La prova che Lucy, forse il più famoso dei nostri antenati, fosse anche un’arrampicatrice era arrivata già tempo. Uno studio di qualche anno fa mostrava che a dispetto dell’indiscusso bipedismo, gli Australopithecus afarensis (di cui Lucy fa parte) non erano ancora del tutto scesi dagli alberi: le loro caratteristiche anatomiche suggerivano abilità a metà tra gli camminatori e gli scalatori. E abiliti scalatori erano in particolare i più piccoli della specie, come sembra suggerire uno studio pubblicato su Science Advances. E lo erano non a caso.
A far da spia è stato proprio il piede di un piccolo rappresentante di A.afarensis. Un rappresentante, così come Lucy, ben noto tra gli antropologi, che ha più di tre milioni di anni, arriva da Dikika (Etiopia), ed era una femmina di circa due anni e mezzo. Presentata ufficialmente nel 2006, la “bambina di Dikika” è oggi al centro degli studi del team di Jeremy DeSilva del Dartmouth College e fornisce indizi preziosi sull’evoluzione dell’anatomia, delle capacità di movimento degli ominidi di oltre tre milioni di anni fa. Ma permette di fare anche qualcosa di più: capire come si muovevano questi ominidi apre una finestra anche sulle loro abitudini, sul loro stile di vita.

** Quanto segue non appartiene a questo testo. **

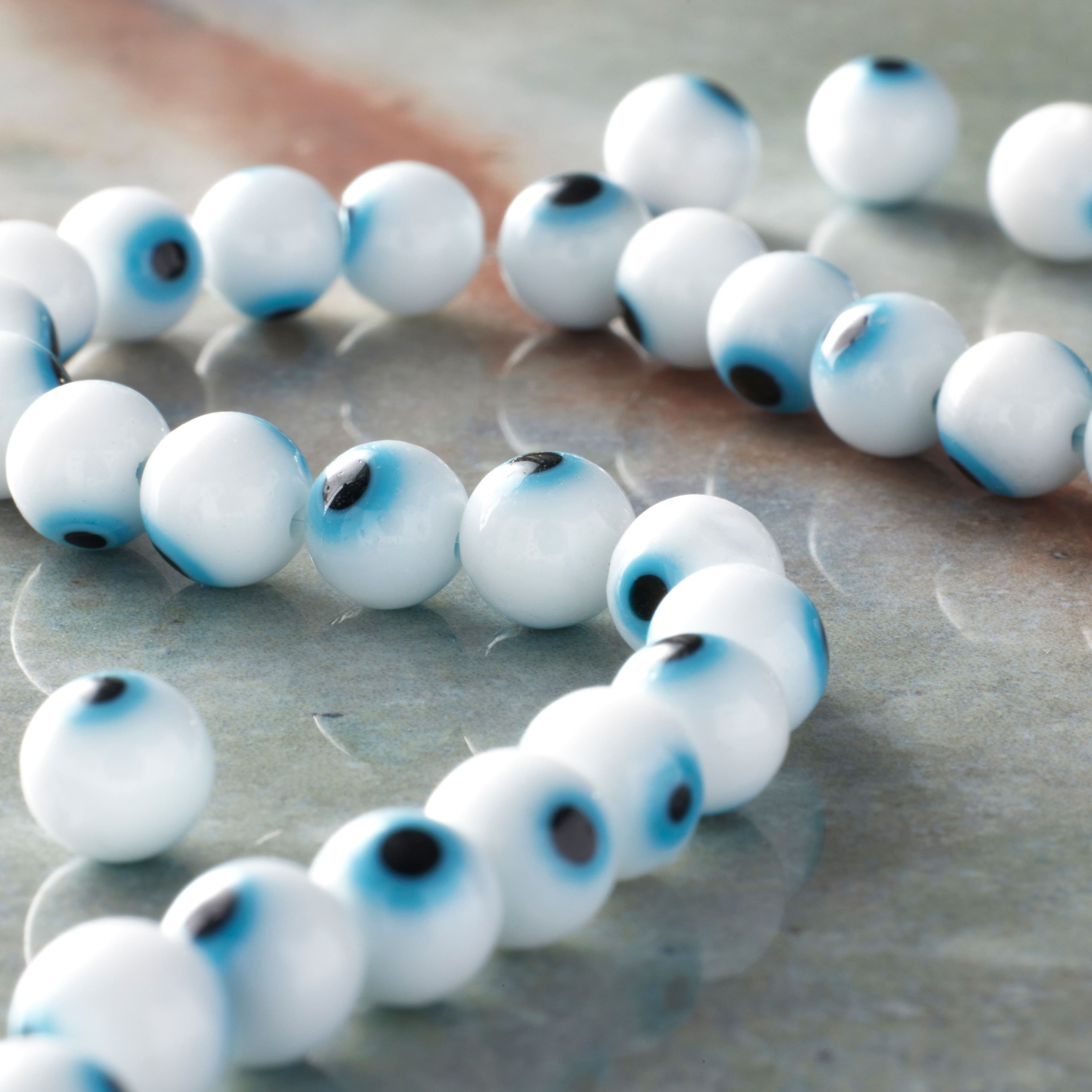 12 Pack: White Evil Eye Glass Round Beads, 6mm by Bead Landing™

Così è stato anche per le analisi condotte sul piede del fossile di Dikika, che mostra caratteristiche anatomiche a livello di un osso, il cuneiforme mediale, associate a una maggiore mobilità dell’alluce insieme a una maggiore fragilità nelle ossa nella parte posteriore del piede. Quanto osservato suggerisce che questi piccoli ominidi fossero abili a camminare su due gambe, ma potevano anche a restare abbracciati alle loro mamme mentre queste giravano in cerca di cibo ed erano anche abili anche ad arrampicarsi sugli alberi. Anzi potrebbero aver passato anche più tempo quassù che a terra, suggeriscono gli autori. Perché? “Se vivevi in Africa tre milioni di anni fa senza fuoco, senza alcuna struttura, e senza nessuno strumento di difesa, meglio era per te essere in grado di rifugiarti su un albero dopo il tramonto”, commenta De Silva.

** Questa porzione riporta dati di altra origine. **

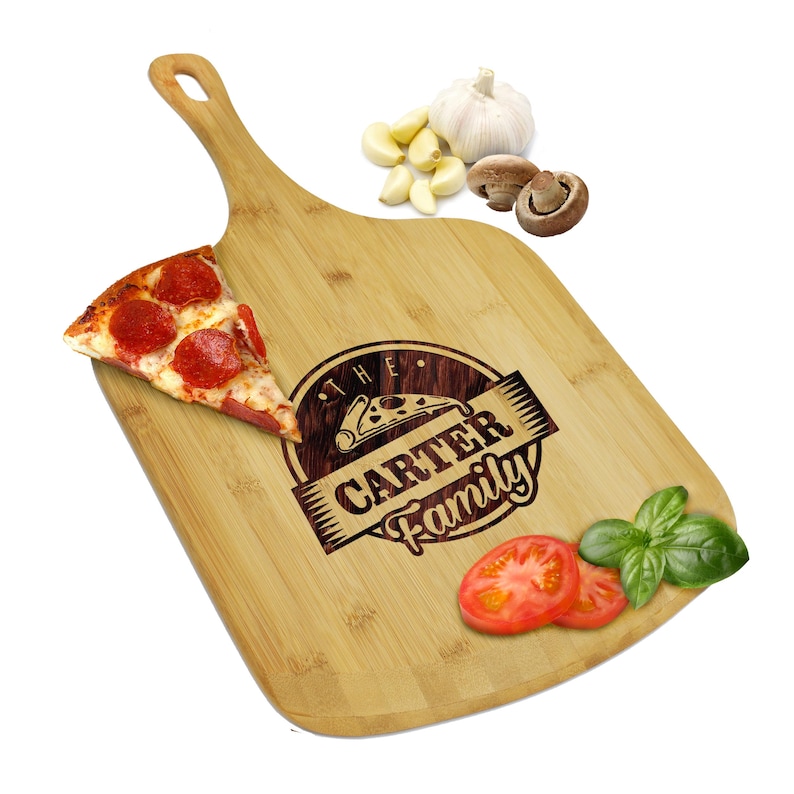 May include: A wooden pizza serving board with a handle, featuring a slice of pepperoni pizza, sliced tomatoes, basil, garlic, and mushrooms. The board is engraved with "The Carter Family" and a pizza graphic.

La selezione dei tratti associati alle capacità di presa del piede in un contesto di vita arboricola o dipendenza dalle cure durante l’età infantile, concludono gli autori, potrebbe fornire nuove spiegazioni alle ragioni del mantenimento dei tratti più tipici delle scimmie di A. afarensis. Ancora considerati però, almeno da adulti, arrampicatori solo occasionali.
Riferimenti: Science Advances
Immagine copertina: Piede di A.afarensis sopra l’impronta di un bambino (Credit: Jeremy DeSilva)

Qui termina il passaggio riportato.